With the much-touted state government funded clean-up still some three months away, residents & ratepayers were reminded yet again of just how little has been happening with the bushfire recovery when the Mayor confirmed that many non-essential council employees were on annual leave, while council’s general manager confirmed that not a single cent of the bushfire assistance promised by the federal government since before Christmas had been received over the past 16 weeks.
And so it was that against that long empty space that the NSW Government last week finally managed to bring some much-needed hope & delight to a few of the many bushfire victims across NSW when it commenced delivering & installing 100 temporary portable housing units to some bushfire victims who have lost their homes.
The government’s initiative is reportedly being pursued with the support of WA mining billionaire, Twiggy Forrest’s, Minderoo Foundation at a reported cost of $5M.
While the BVSRRA is not suggesting for a moment that Mr Forrest’s generosity should be spurned, is this the best that that Gladys can manage after four months?
When Cyclone Tracy all but destroyed Darwin on Christmas Eve, 1974, it obliterated 10,000 of the city’s 12,000 homes & prompted an immediate evacuation order by authorities, which saw the population reduced from 45,000 to 10,000 in a week.

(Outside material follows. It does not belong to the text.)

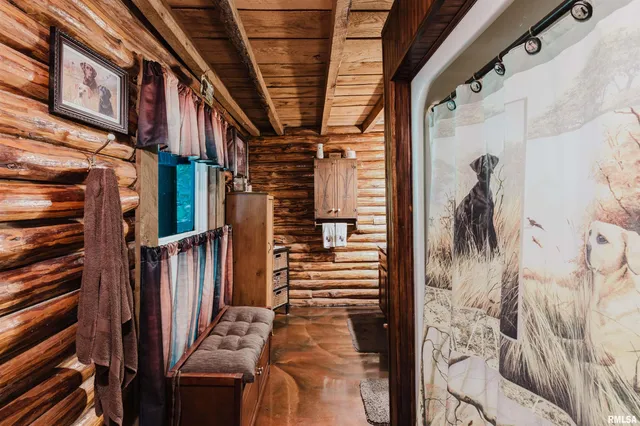 $475,000 | 690 Ganntown Lane, Grantsburg, IL 62943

In the year following Tracy some 3,000 temporary demountable homes were built to house the essential reconstruction teams, with school & other public buildings provided for on a similar basis.
While all disasters are different & it is difficult to fairly compare the quality of responses to each, the fact that some 16 weeks into the NSW bushfire “recovery” & our state government has managed to find 100 temporary housing units for bushfire victims surely says it all.
It is abundantly clear that our governments have forgotten how to govern for the people they allegedly exist to serve, which explains the silence in response to Mr Constance’s challenge.
And while we commence week 16 of the “bushfire recovery”, we can only speculate as to the real impact of the disaster on the shire, as there is still no official information available on the number of disaster victims awaiting assistance with housing, employment or other needs across the shire.